Venerdì 9: 1Pt 2,13-25; Sal 22 (23); Lc 16,19-31
Perché questa è la volontà di Dio: che, operando il bene, voi chiudiate la bocca all’ignoranza degli stolti, come uomini liberi, servendovi della libertà non come di un velo per coprire la malizia, ma come servi di Dio. (1Pt 2,15-16)
Non è facile accettare quanto propone Pietro: spesso si ritiene di far ricorso alla parola per convincere qualcuno dei propri errori e, addirittura, per essere testimoni del vangelo. Se la parola si limita a essere voce, senza la concretezza che le viene unendosi all’azione, però, è del tutto vana. Operare il bene è la forma concreta per cambiare il mondo e orientarlo al Signore. Questo è lo stile delle persone libere, che riconoscono di essere tali non perché si sbarazzano del legame agli altri o a Dio, ma proprio perché lo scelgono dando tutto di sé.

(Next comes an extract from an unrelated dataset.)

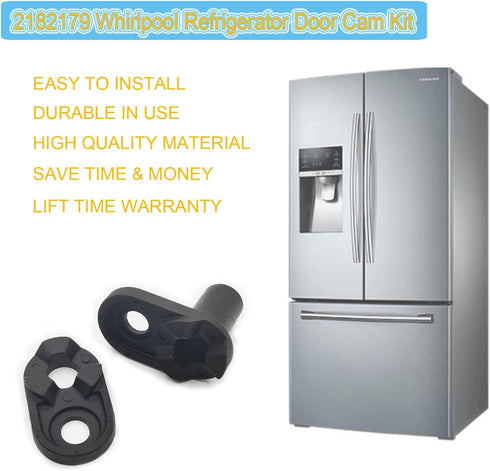 2182179 Refrigerator Door Cam Kit Replacement for Whirlpool Kenmore, Lower Door Closer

Sabato 10: Dt 11,18-24; Sal 94 (95); Ef 2,11-18; Lc 17,20-21
Mosè disse: «Porrete nel cuore e nell’anima queste mie parole; ve le legherete alla mano come un segno e le terrete come un pendaglio tra gli occhi; le insegnerete ai vostri figli, parlandone quando sarai seduto in casa tua e quando camminerai per via, quando ti coricherai e quando ti alzerai».
Non c’è nulla di più importante per il popolo di Israele che le parole della legge donate dal Signore tramite Mosè, sono il segno dell’alleanza. Quell’alleanza è a fondamento della vita di ciascuno, per questo è necessario non tenerla per sé, ma tramandarla ai figli, facendone il centro di ogni giornata. Quelle parole mettono ancora in discussione, chiedendo di verificare che cosa sia al centro delle preoccupazioni di ogni giorno e di conseguenza che cosa ci si impegna a trasmettere a chi ci circonda. Si tratta, semplicemente, della responsabilità nei confronti di sé e degli altri: solo la memoria del Signore dà vita, perché la cambia nel profondo.